I can come 2 or 3 times per session, but I don't always need to. I read a book on the Tao of sex, and it suggested that you need a 30-second or so break of only very mild stimulation once you come off the high before you start climbing again. I've found that to be accurate for me, so I just kind of rest, moving very slowly (like if I'm astride) so that I don't shift gears into "done" mode, and then it goes from there. If I try to power through, with a partner or on my own, I can rub for an hour and get nowhere, rubbing myself raw in the process--the break is key.
I have to say, as much as I've appreciated the generosity of my lovers in trying to get me to 2 or 3 or more, sometimes it's a burden. Sex is not a competitive sport. There's a fine line between generosity, which is lovely, and ego, which is less so. I think men sometimes get into the mindset that they're superstuds if they can get you to come more than once a session, and it becomes about them instead of you.
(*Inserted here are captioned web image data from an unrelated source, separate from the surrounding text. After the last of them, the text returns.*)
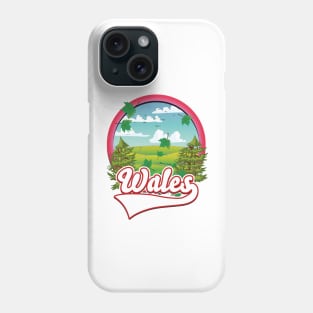 Wales retro travel logo Phone Case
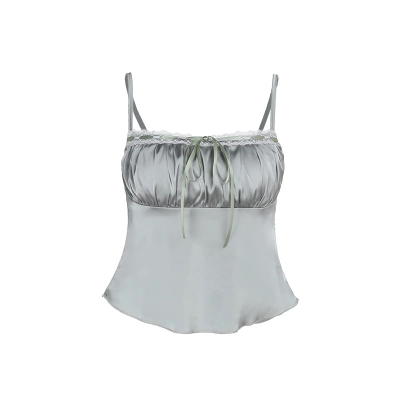 Satin-Finish Ruched Spaghetti Strap Top 01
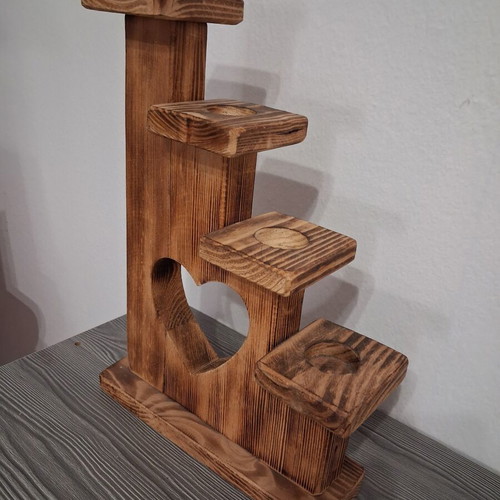 Wooden decorative tealight holder with heart design, like new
And that's where female performance anxiety comes in--if he's invested in a specific out-come, pun intended, of sex, then you feel like he'll be disappointed if you don't. Sometimes, though, I just want to get off the horse after one. If I didn't think you were a superstud to begin with, we wouldn't be naked together, you know? The fact that we're having sex at all means you won.
Just because women are known to be multiorgasmic doesn't mean they have to be, or that it's a standard they must try to attain. SweetLady's right.